- US 25 highlighted in red

Route information
- Maintained by NCDOT
- Length: 75.4 mi (121.3 km)
- Existed: 1926–present

Major junctions
- South end: US 25 at the South Carolina state line near Tuxedo
- US 176 / US 25 Bus. near East Flat Rock; I-26 / US 74 near East Flat Rock; US 64 in Hendersonville; US 25A / NC 280 in Arden; I-40 in Asheville; I-240 / US 70 / US 74A in Asheville; Future I-26 / US 19 / US 23 / US 70 in Woodfin;
- North end: US 25 / US 70 at the Tennessee state line near Hot Springs

Location
- Country: United States
- State: North Carolina
- Counties: Henderson, Buncombe, Madison

Highway system
- United States Numbered Highway System; List; Special; Divided; North Carolina Highway System; Interstate; US; State; Scenic;
| ← NC 24 |  | → I-26 |

= U.S. Route 25 in North Carolina =

Segment of American highway

U.S. Highway 25 (US 25) is a north–south United States Numbered Highway that runs for 75.4 mi from the South Carolina state line, near Tuxedo, to the Tennessee state line, near Hot Springs.
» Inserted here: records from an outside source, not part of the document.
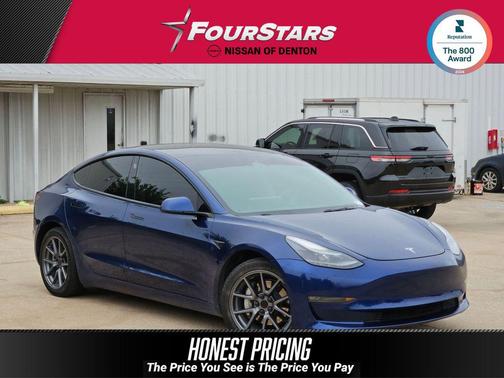 Blue 2022 Tesla Model 3 Long Range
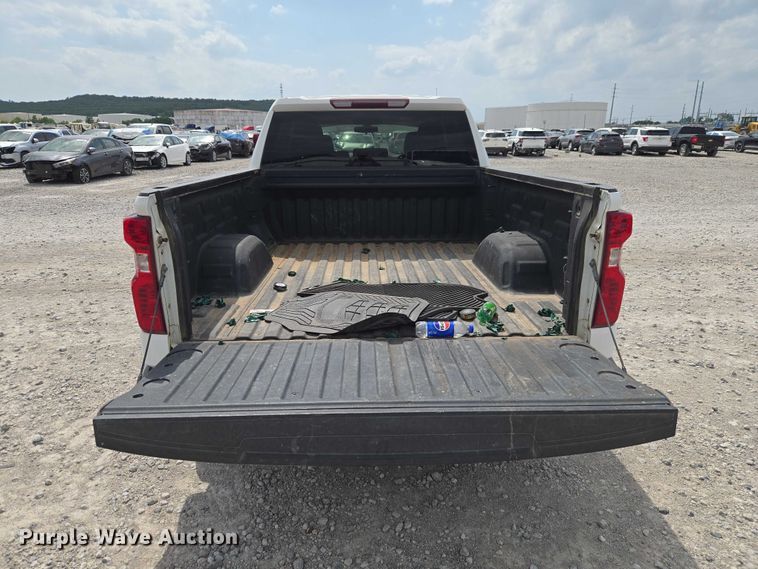 image for item YA3243 2019 Chevrolet Silverado 1500 Ext. Cab pickup truck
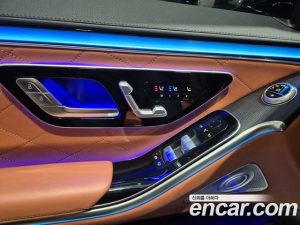 Mercedes-Benz S-Class S400 d 4MATIC 2023 года из Южной Кореи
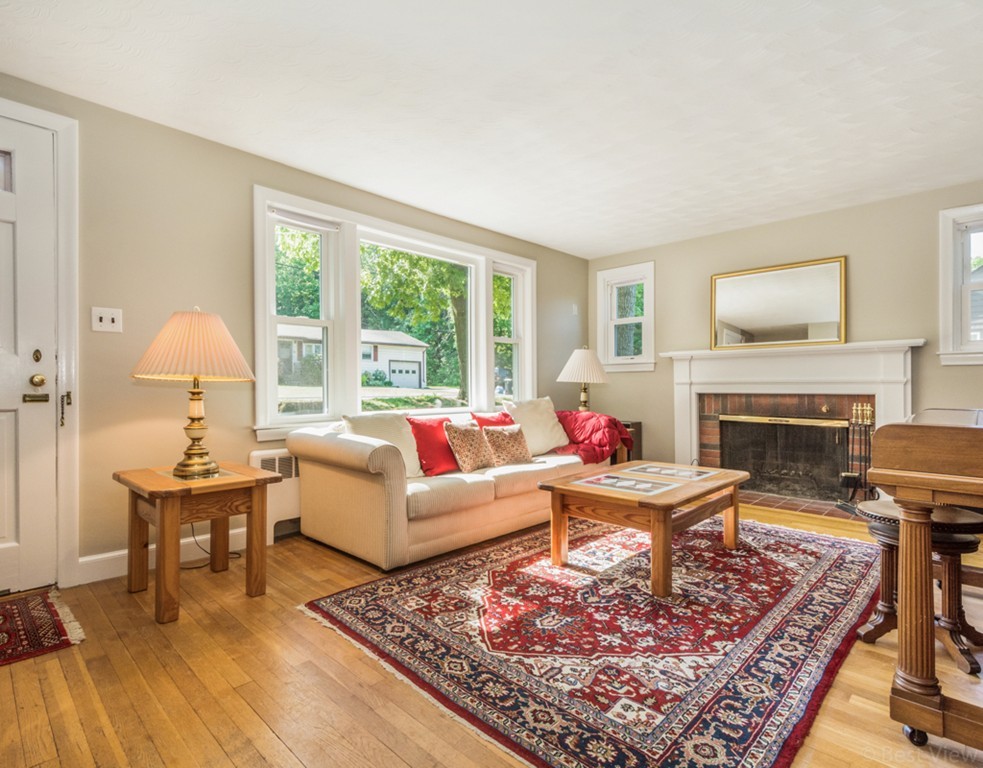 34 Shawsheen Road Bedford, MA 01730 - Photo 6 of 26 Gallery Image 6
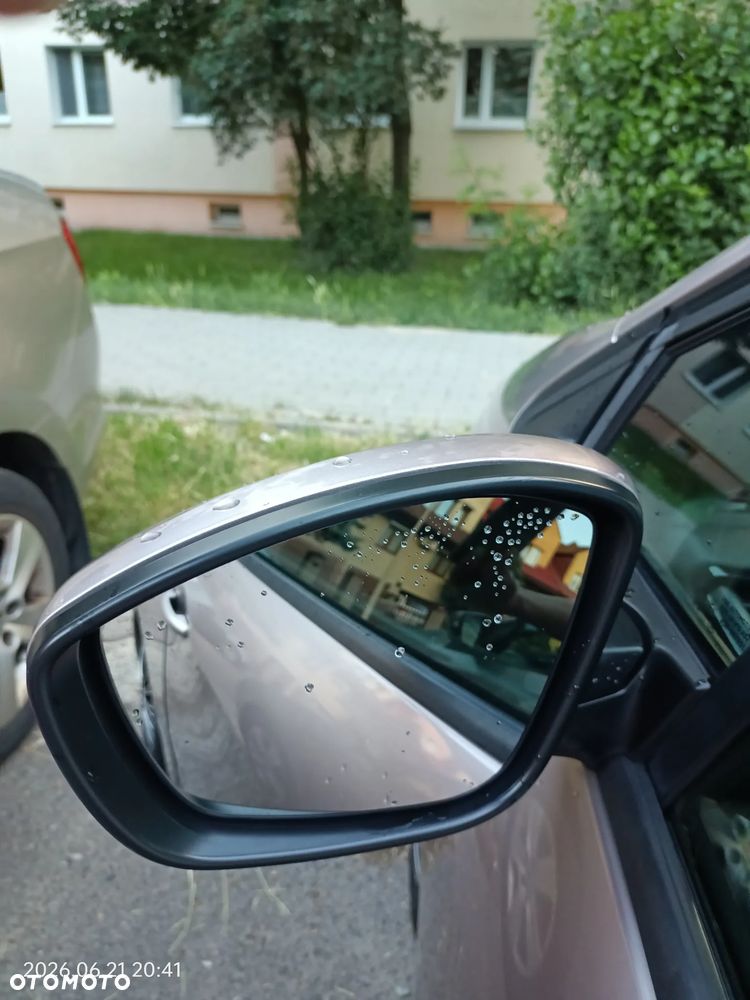 Peugeot 208 - 11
It is part of the longer US 25, which runs from Brunswick, Georgia, to Covington, Ohio. It is a major north–south route through Western North Carolina.

The route is mostly expressway or freeway grade, except for the section through the city of Asheville, where it follows several city streets. Two short sections are cosigned with Interstate 26 (I-26), and the northernmost 28 mi are cosigned with US 70. It originally followed the route of the historic Dixie Highway, though, in several places, it bypasses the original route on new alignments, several of which are now signed as either North Carolina Highway 225 (NC 225), NC 251, or US 25 Business (US 25 Bus.).

==Route description==
US 25 enters from South Carolina between Frank and Panther Mountains (part of the Saluda Mountains) and also changes from an expressway to freeway. The first 9 mi of US 25 is solo, bypassing the smaller communities of Tuxedo, Zirconia, Flat Rock, and East Flat Rock. Its original alignment in the area is NC 225 and US 25 Bus. through Hendersonville, before it was signed along Corridor W, part of the Appalachian Development Highway System (ADHS).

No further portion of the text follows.